Standalone mode — no gateway needed
For small clusters — a single building, a small park, one property — a single Node can be the entire system. It still decodes every meter in range, still serves its dashboard, still emails its daily report, and still accepts OTA updates. It just doesn't relay anything: readings live on the device, visible at its IP on your local WiFi.
The dashboard at the top of this page is exactly this case — 32 ORION 2006B meters being decoded by one Node at 192.168.0.103, with no Gateway involved. The Node is reachable directly from any browser on the same LAN; agents and scripts can hit its /api/meters endpoint without a gateway in the path.
Powering the Node
The recommended hardware installation powers each Node from the 24 V AC supply that's already present in most U.S. residential irrigation controllers. A small inline 24 V AC → 5 V DC converter — with adjustable output to compensate for voltage drop on long cable runs — feeds the ESP32 through its USB-µB or 5 V pin. The Node then lives next to the irrigation valves, on a wire that's already there, and stays online whenever the irrigation system has power.
| Input | 24 V AC, 50/60 Hz, drawn from the irrigation transformer's common bus |
|---|---|
| Output | Adjustable 5–6 V DC at ~500 mA continuous (sized for the Node's ~250 mA peak draw plus cable losses) |
| Why adjustable? | On long runs the converter can be set slightly above 5 V at the source so the Node still sees a clean 5 V at the far end after IR drop |
| Why this matters | No extra wall-wart, no extra outlet; you reuse the wiring that already reaches the valve manifold |
The other side of the radio: ORION protocols
The dashboard below shows the same Node firmware running on an SX1262, locked onto a P282 frequency-hopping meter.
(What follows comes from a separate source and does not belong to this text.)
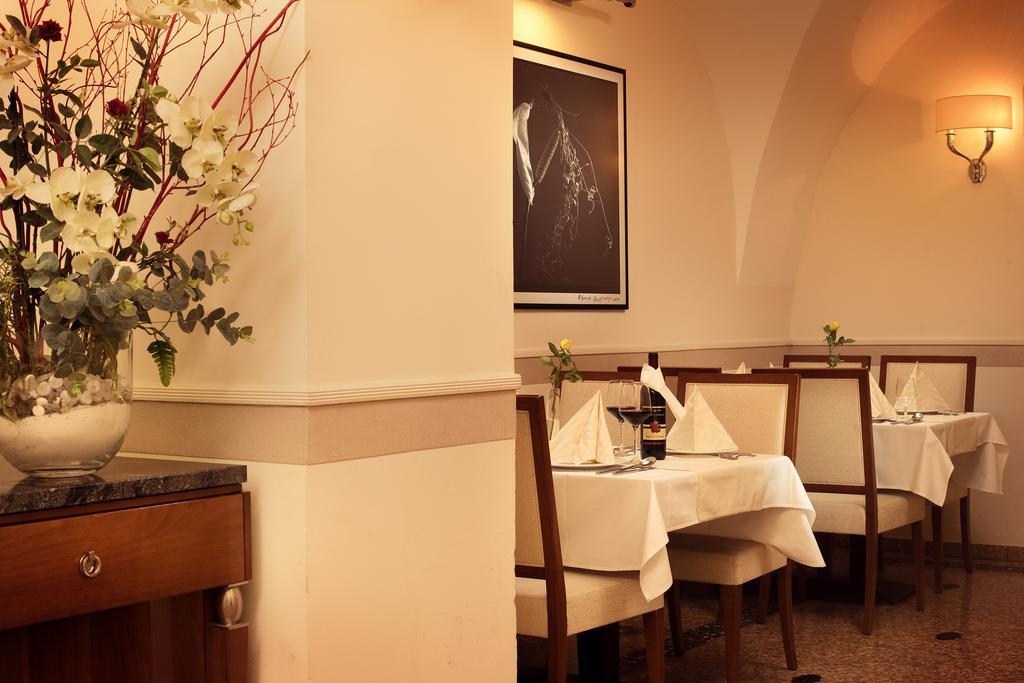 Hotel Ambassador Kosice Luaran gambar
The "2014WOSE Hopping" block tracks the hop schedule in real time; the "P282 Last CRC Fail" panel keeps the most recent raw FIFO and decoded bytes around for postmortem.
Specs
| MCU | ESP32 dual-core (Heltec CT62 / WiFi LoRa 32 footprint) |
|---|---|
| FSK radio | SX1276 or SX1262 — autodetected at boot |
| Mesh radio | CC1101 @ 433.92 MHz, 2-FSK, multi-hop |
| Protocols | Badger ORION P223, P282, P290 (one at a time) |
| Network | WiFi 802.11 b/g/n STA + fallback AP at 192.168.4.1 |
| Power | USB micro 5 V or direct 3.3 V; ~120 mA idle RX, ~250 mA peak TX |
| Firmware | 2.11.40 (observable at /api/diag) |
| OTA | POST /update with the new .bin |
Web endpoints
All endpoints are HTTP on port 80 of the Node's WiFi IP. JSON endpoints return clean structured data; the HTML dashboard pulls from these same routes.
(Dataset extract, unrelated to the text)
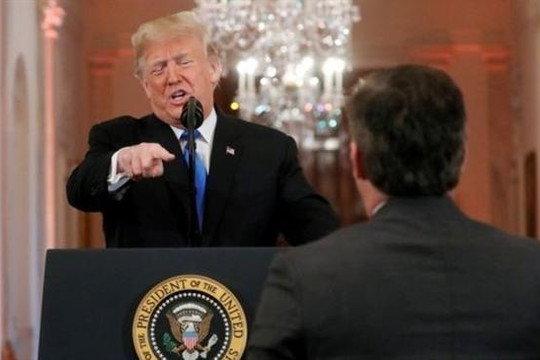 CNN kiện Tổng thống Trump vì cấm phóng viên vào Nhà Trắng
GET / | Live dashboard (meter table, hopping state, mesh counters). |
|---|---|
GET /setup | Configuration page: WiFi credentials, protocol, mesh ID / node ID, email recipients. |
POST /update | Firmware upload (multipart). Works from iPhone Safari. |
GET /api/diag | JSON: uptime, free heap, radio chip, per-protocol decode/CRC counters. |
GET /api/meters | JSON: list of meters with id, volume (gal), RSSI, count, last seen. |
GET /api/config | JSON: current config; POST the same shape to save. |
GET /api/email | JSON: scheduled report config; POST to change interval / recipients. |
POST /api/email/send_now | Trigger an immediate report send (useful for testing SMTP). |
Setup page
The /setup endpoint is a single-page configuration UI served straight from the Node. From here you set WiFi credentials, pick the ORION protocol, switch the P282 receive mode, fix or resume frequency hopping, toggle metering on/off, and configure email reports — all without re-flashing firmware.
http://<node-ip>/setup · sensitive values maskedFor agents
A structured spec of this device is available at /api/node.json. The page above is also annotated with schema.org/Product JSON-LD in <head>.